Patrick’s laughter reminds us that how things look from the outside may not necessarily reflect how it feels from within. “We live like a normal family”, says Lesley. “Just one that gets a little bit of extra help.”
This video piece is a new departure for Lesley. Until now she has mainly been known for her meticulous spirograph drawings, in which she employs ordinary coloured biro pens to build up dazzling geometric structures, often on a breathtaking scale. On the face of it, autobiography has little to do with their motivation and making.
Yet the artist sees a link between the repetitive, cell-like structures of her spirograph drawings and the more personal nature of her new film.
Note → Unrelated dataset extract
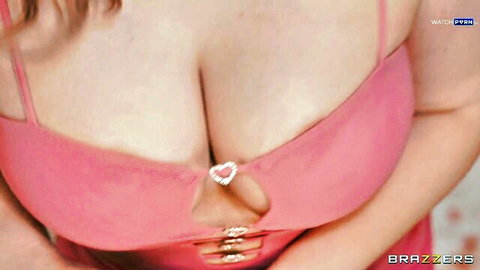 Codi Vore flaunting massive cleavage in sexy pink dress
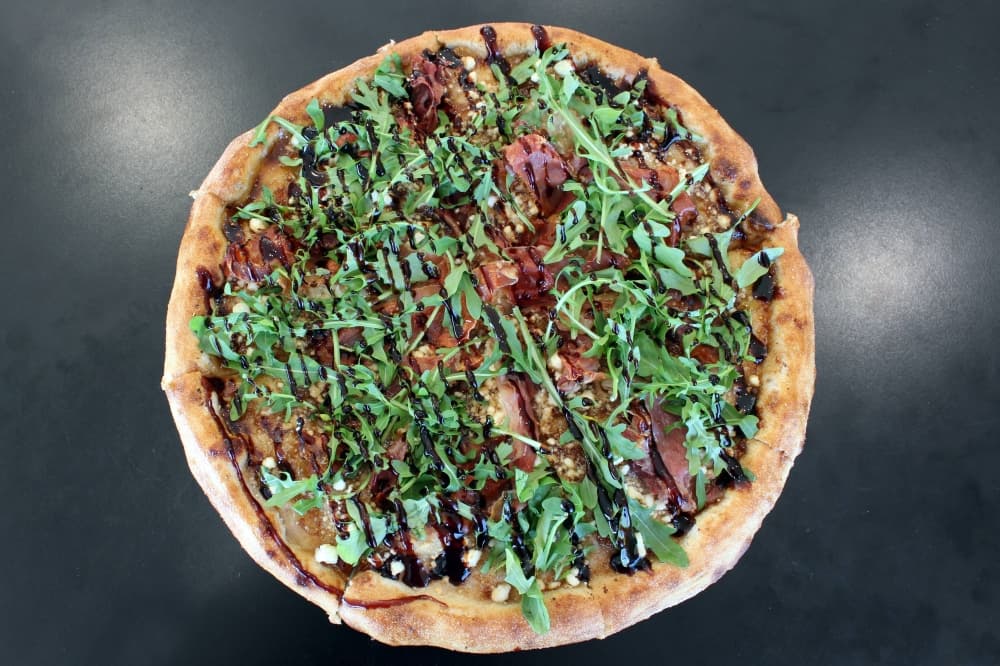 Overhead view of a pizza featuring arugula, meat and balsamic drizzle.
In part, this is to do with the idea of mutation leading to systems failure.
But it’s also about the tension between surface and what lies beneath - Lesley’s awareness that people’s perception of what it means to be different is often so far removed from the underlying reality. “Appearances can be deceptive; the surface is not the whole story”, she notes.
If You Prick Us Do We Not Bleed? is part of an exhibition entitled SLIPPAGE: the Unstable Nature of Difference which offers an intimate perspective on the lived experience of physical and psychological difference through the work of 12 artists working in a range of media.
The other artists in the exhibition are Katherine Araniello, Lisa Bufano & Jason Tschantré, Eric Fong, Paddy Hartley, Karen Heald & Susan Liggett, Andrew & Eden Kotting, Noemi Lakmaier, Daksha Patel, Jo Thorne, Alexa Wright and Chris Millward. Together, they question the uncertain boundaries of physical and psychological identity in a world that places great emphasis on beauty and perfection.